··· GIVEN ENTRIES ···

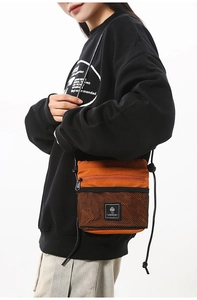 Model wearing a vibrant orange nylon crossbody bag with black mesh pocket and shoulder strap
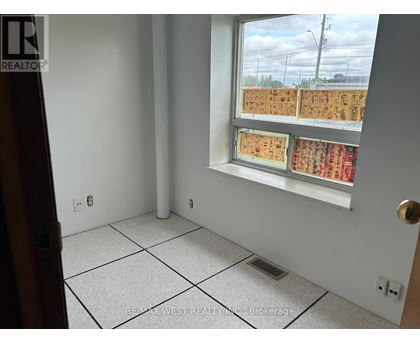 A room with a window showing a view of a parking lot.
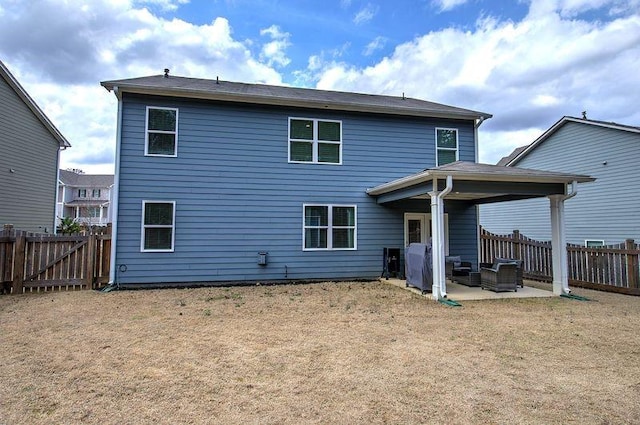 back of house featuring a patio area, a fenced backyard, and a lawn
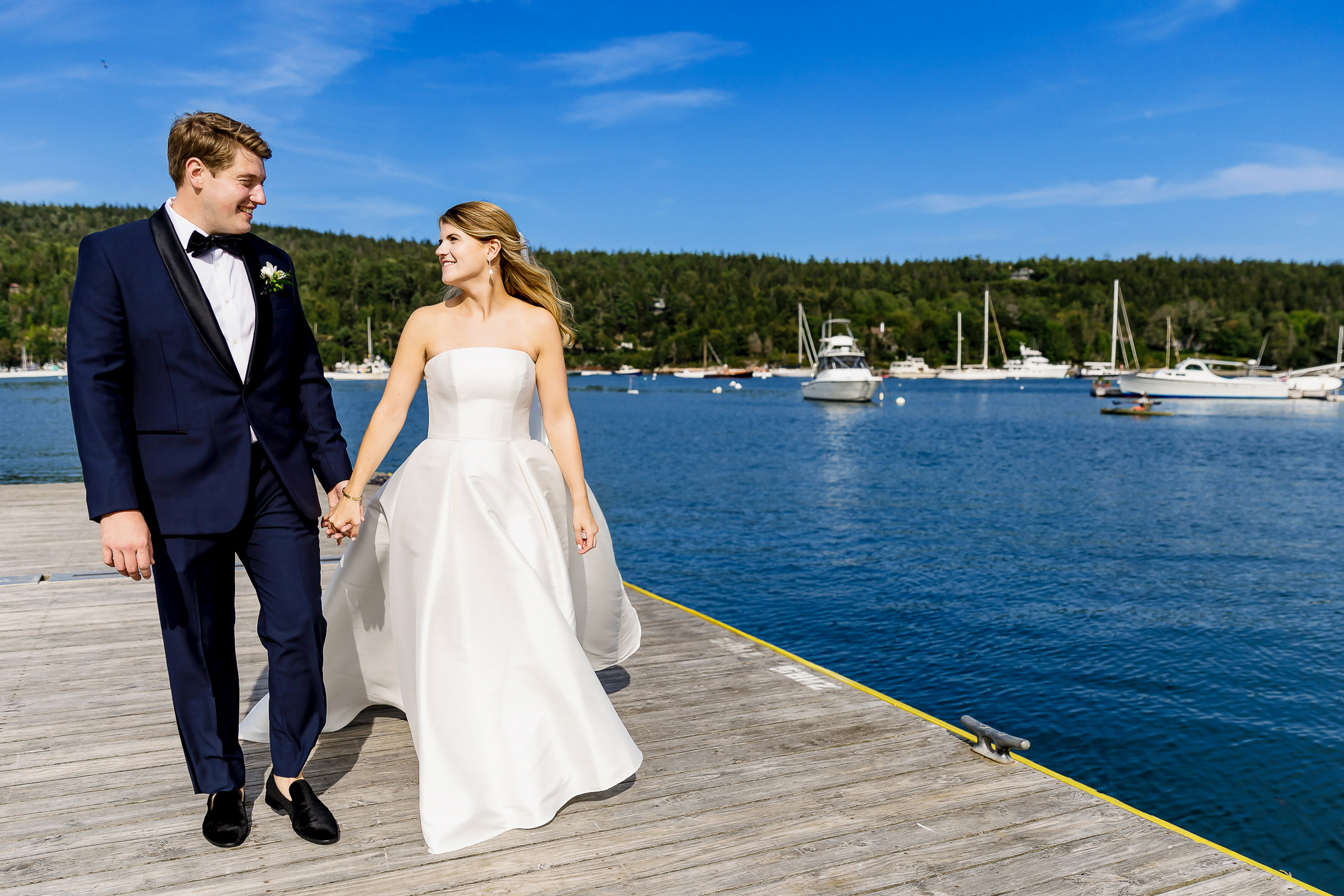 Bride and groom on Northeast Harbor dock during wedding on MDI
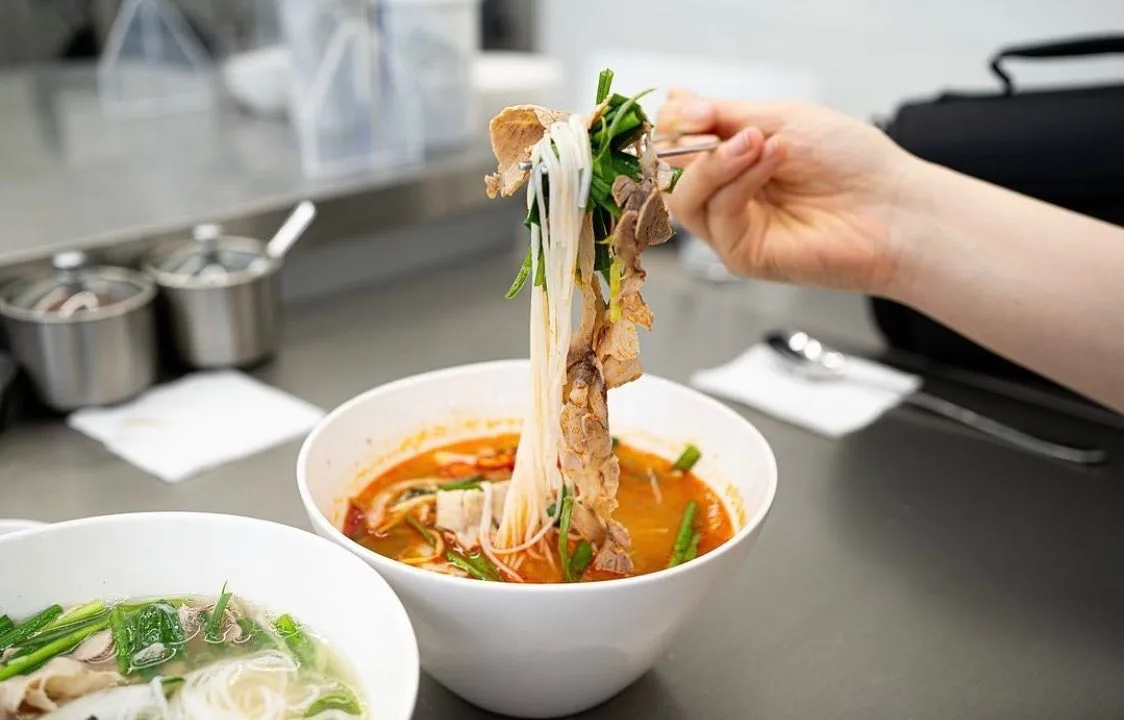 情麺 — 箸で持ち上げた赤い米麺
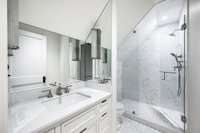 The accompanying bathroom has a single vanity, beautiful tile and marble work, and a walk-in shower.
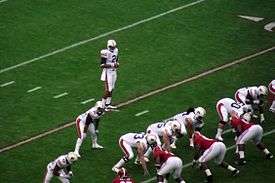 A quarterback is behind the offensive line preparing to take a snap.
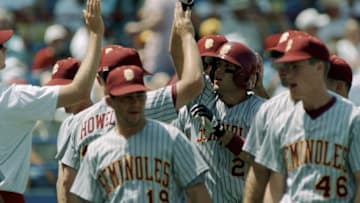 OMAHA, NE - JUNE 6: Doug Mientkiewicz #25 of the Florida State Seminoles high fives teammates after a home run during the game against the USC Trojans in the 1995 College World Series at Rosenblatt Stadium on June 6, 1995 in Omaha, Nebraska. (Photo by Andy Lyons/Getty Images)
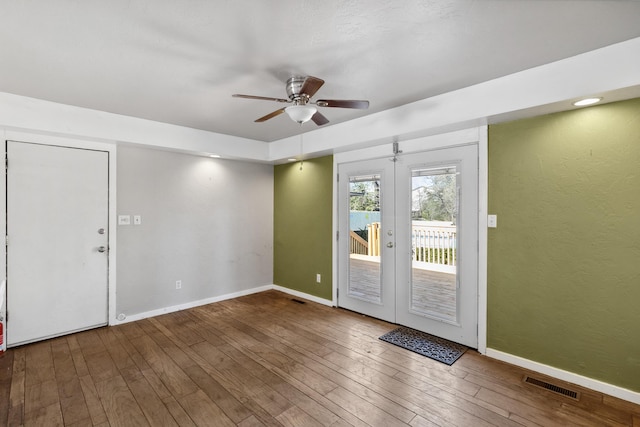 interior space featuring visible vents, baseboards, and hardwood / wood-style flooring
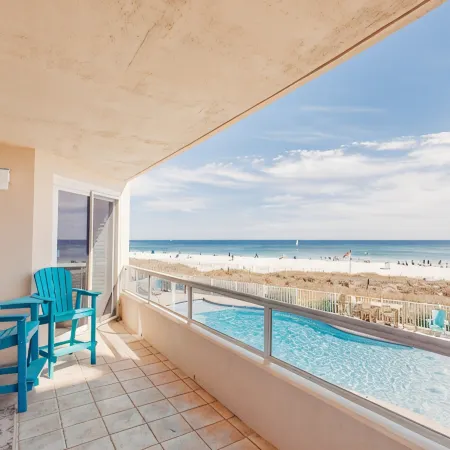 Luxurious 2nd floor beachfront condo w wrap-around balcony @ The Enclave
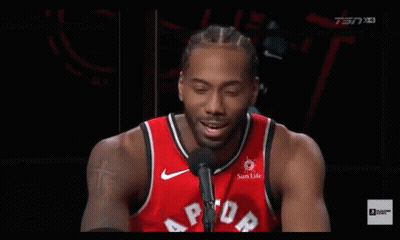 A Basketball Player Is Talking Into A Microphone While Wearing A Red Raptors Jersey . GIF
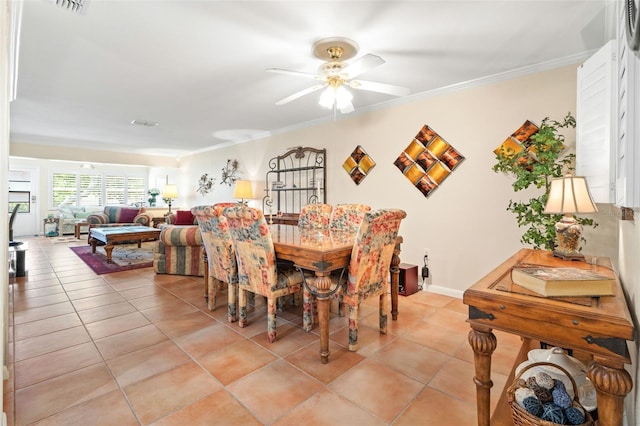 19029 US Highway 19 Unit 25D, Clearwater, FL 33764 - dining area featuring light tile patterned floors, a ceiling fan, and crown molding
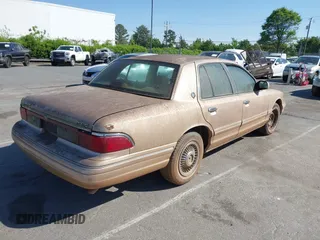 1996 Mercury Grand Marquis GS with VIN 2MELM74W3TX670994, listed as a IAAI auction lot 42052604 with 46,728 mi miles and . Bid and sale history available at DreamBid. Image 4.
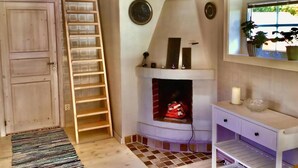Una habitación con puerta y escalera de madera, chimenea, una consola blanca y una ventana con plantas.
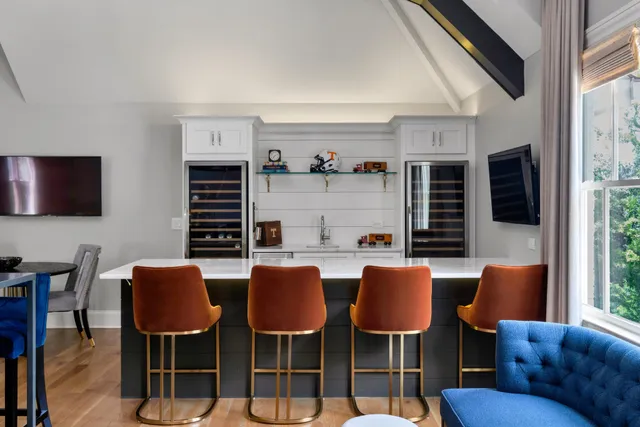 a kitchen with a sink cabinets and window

···

> EXERCISE AIM
Output only the stretch above from the line with "A Basketball Player" through the line with "19029 US Highway", reproduced exactly. Exclude pictures.

> FINAL ANSWER
 A Basketball Player Is Talking Into A Microphone While Wearing A Red Raptors Jersey . GIF
 19029 US Highway 19 Unit 25D, Clearwater, FL 33764 - dining area featuring light tile patterned floors, a ceiling fan, and crown molding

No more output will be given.